The Research Alliance in
Math and Science (RAMS) Program is based on the belief that national
laboratories and universities, working hand in hand, offer the best
opportunity to make a positive impact on the quality of a diverse
workforce. The Research Alliance in Math and Science program is designed
to provide collaborative research experiences among faculty and students
at colleges or universities and DOE national laboratory researchers.
These experiences will improve the U.S. competitive research edge while
encouraging and promoting Science, Mathematics, Engineering, and
Technology (SMET) research throughout the academic year. In RAMS, I will
be working on the jaguar putting in inputs and outputs. Running programs
on lustre, optimizing and collecting data from the runs. Jaguar is
a Cray XT containing a combination of XT3 and XT4 systems. It is
provided as a primary system in the National Leadership Computing
Facility (LCF). The current Jaguar installation has a total of 11,706
processor nodes. Of those, 11,508 are configured as compute nodes and
the remainder provide I/O and login services. Each of the compute nodes
contain 2.6 GHz dual-core AMD Opteron processors and 4 GB of memory. The
service nodes consist of a 2.6 GHz dual-core AMD Opteron processor with
8 GB of memory. The system provides an aggregate peak performance of
over 119 Teraflops with approximately 46 terabytes of aggregate memory.
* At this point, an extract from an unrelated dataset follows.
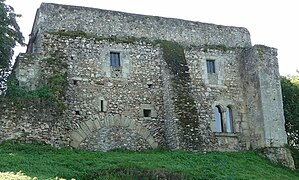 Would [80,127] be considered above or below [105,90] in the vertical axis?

The system has approximately 600 TB of scratch disk space available for
use in the lustre filesystem. Each node is connected to a Cray Seastar
router through Hypertransport, and the Seastars are all interconnected
in a 3D-torus topology.The resulting interconnect has very high bandwidth,
low latency, and extreme scalability. The operating system is
UNICOS/lc, which is a combination of Linux on the service nodes and
the Catamount microkernel on the compute nodes. Catamount is designed to
minimize system overhead, thus allowing scalable low-latency global communication.